DATA UNDER STUDY section start

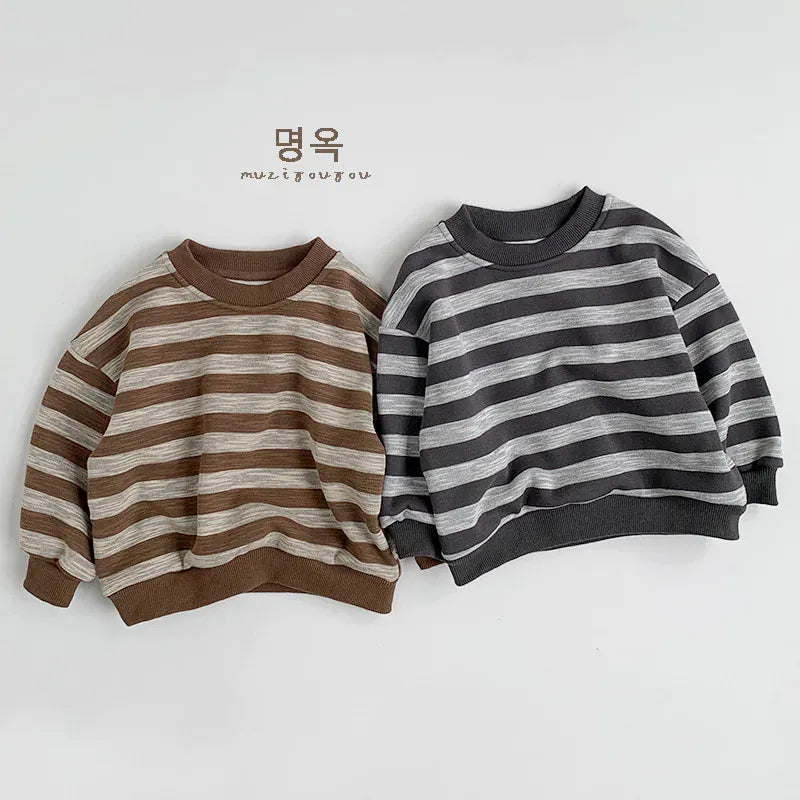 トレーナー・フーディ キッズトップス ボーダー裏フリース長袖スウェットシャツトレーナー【mh0007764】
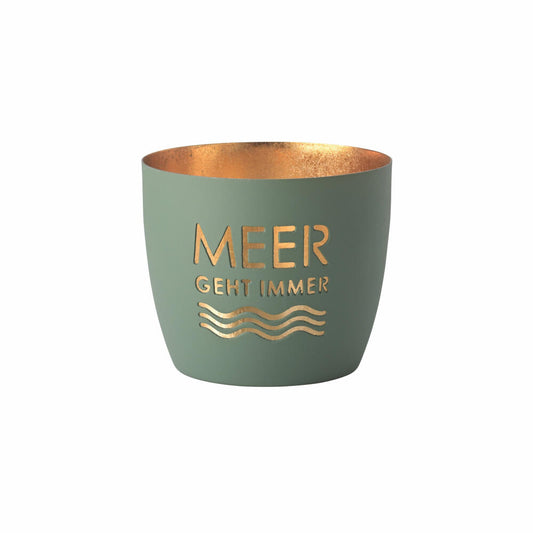 Gift Company Windlicht Madras Meer geht immer M, Teelichthalter, Kerzenhalter, Eisen, Powder Blue / Gold, H 8.5 cm, 1155204063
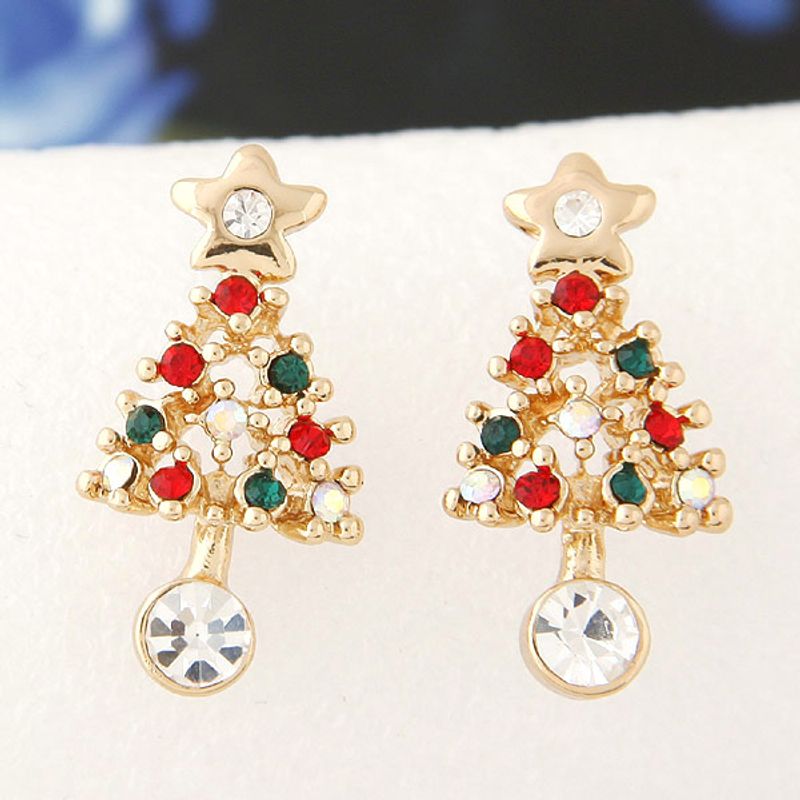 Moda Coreana Dulce Ol Flash Diamante Árbol De Navidad Personalidad Pendientes Venta Al Por Mayor Nihaojewelry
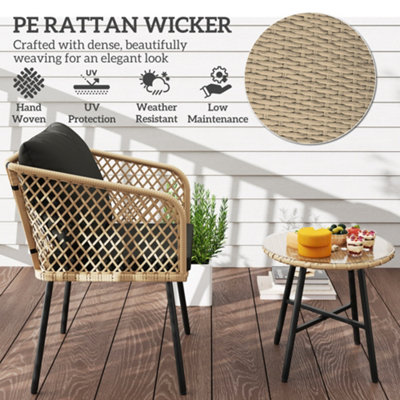 Springos Tuinset - 3 Delig - Stoelen - Tafel - Rotan - Beige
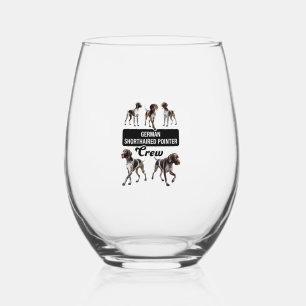 German Shorthaired Pointer Crew Stemless Wine Glass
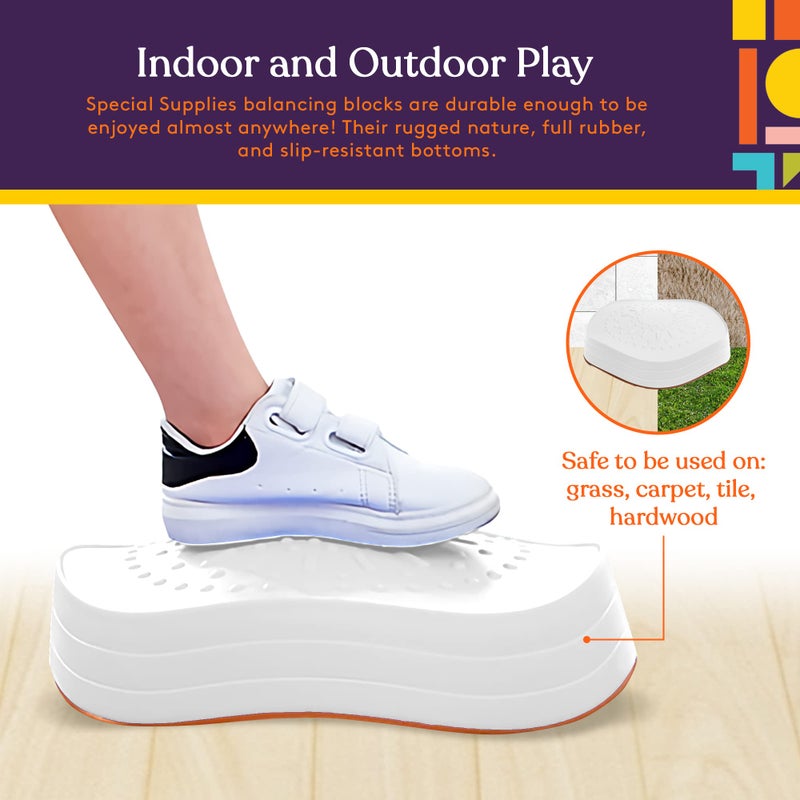 Special Supplies Stepping Stones for Kids, 5 Balance Indoor and Outdoor Blocks Promote Coordination, Balance, Strength, Child Safe Rubber, Non-Slip Edging, Stackable (Ocean) - Image 3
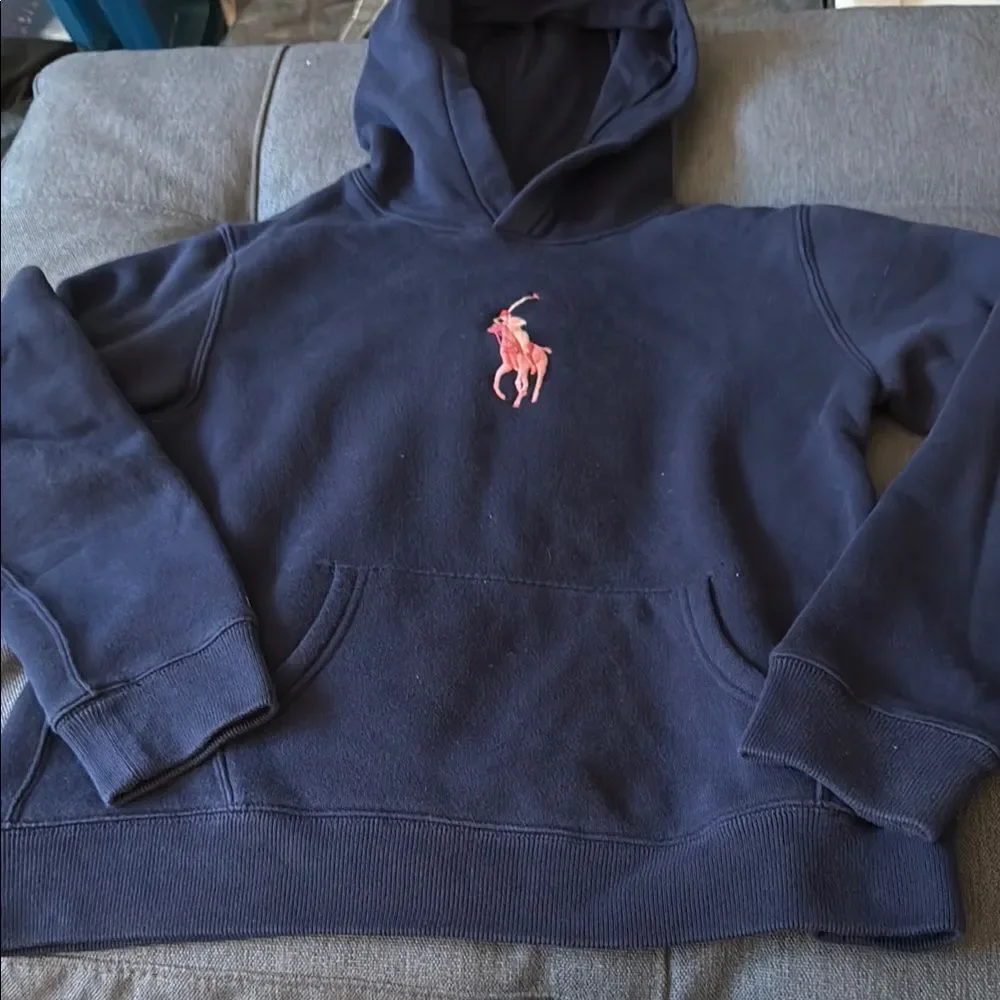 Ralph Lauren Girls Pink Pony Hoodie in Navy Blue. Size Large (14-16).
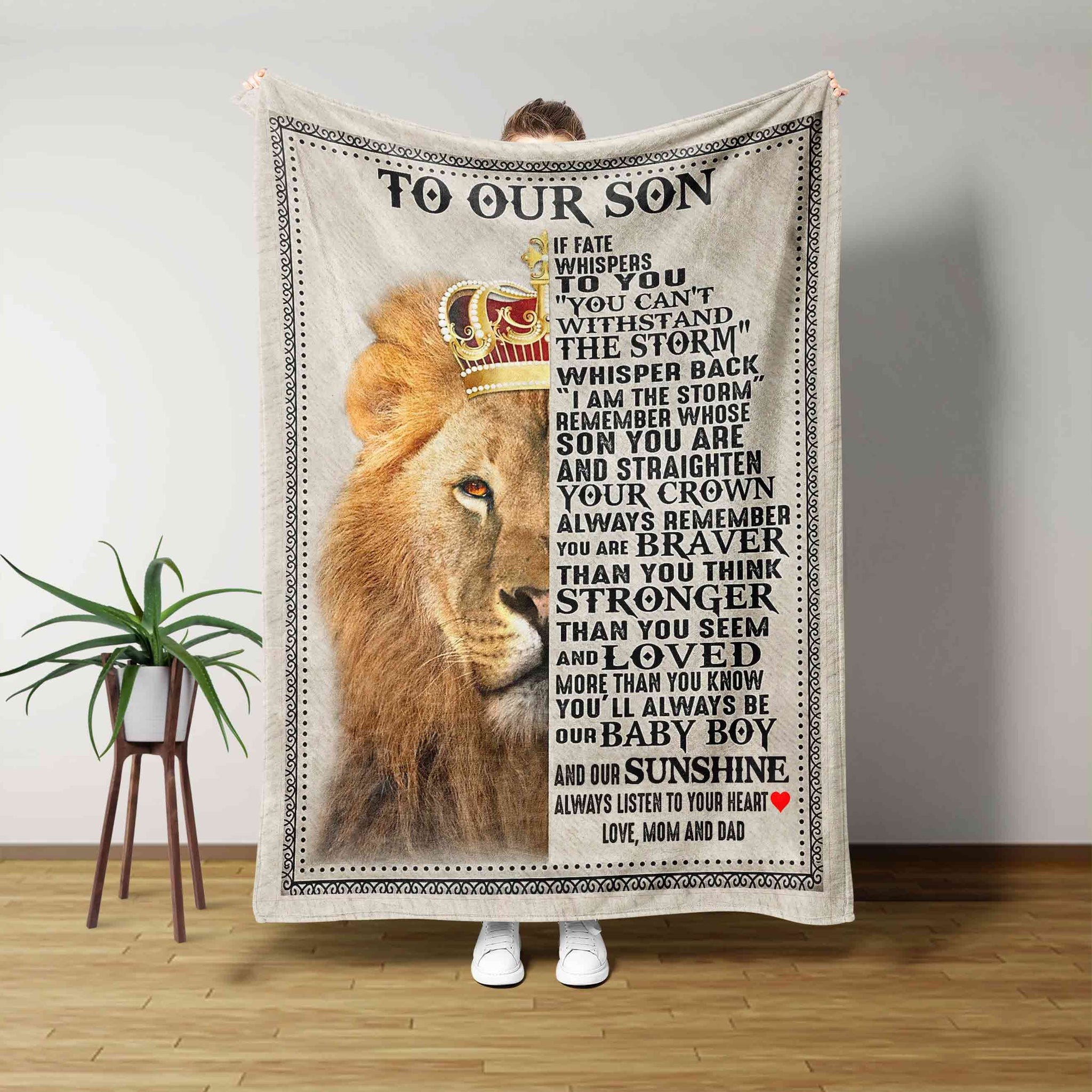 To Our Son Blanket, Lion Blanket, Crown Royal Blanket, Custom Name Blanket, Family Blanket, Gift Blanket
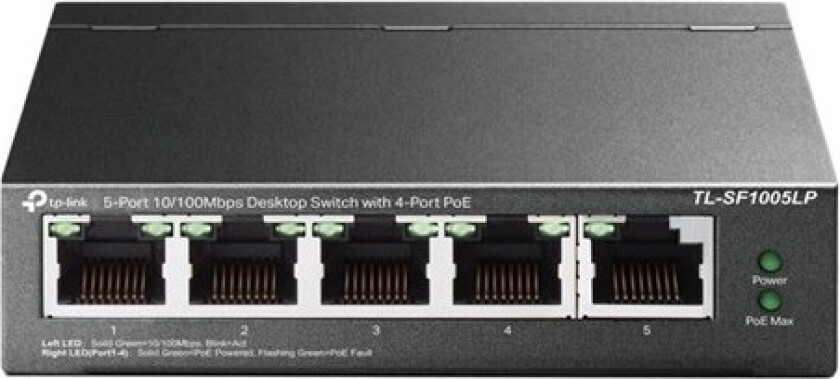 TL-SF1005LP 5-Port 10/100Mbps Desktop PoE Switch with 4-Port PoE (41W)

DATA UNDER STUDY section end

-- PROMPT --
Pictures are to be omitted. Print exactly the lines from the line containing "Special Supplies Stepping" through the final line of the material above, both included.

-- RESULT BELOW --
 Special Supplies Stepping Stones for Kids, 5 Balance Indoor and Outdoor Blocks Promote Coordination, Balance, Strength, Child Safe Rubber, Non-Slip Edging, Stackable (Ocean) - Image 3
 Ralph Lauren Girls Pink Pony Hoodie in Navy Blue. Size Large (14-16).
 To Our Son Blanket, Lion Blanket, Crown Royal Blanket, Custom Name Blanket, Family Blanket, Gift Blanket
 TL-SF1005LP 5-Port 10/100Mbps Desktop PoE Switch with 4-Port PoE (41W)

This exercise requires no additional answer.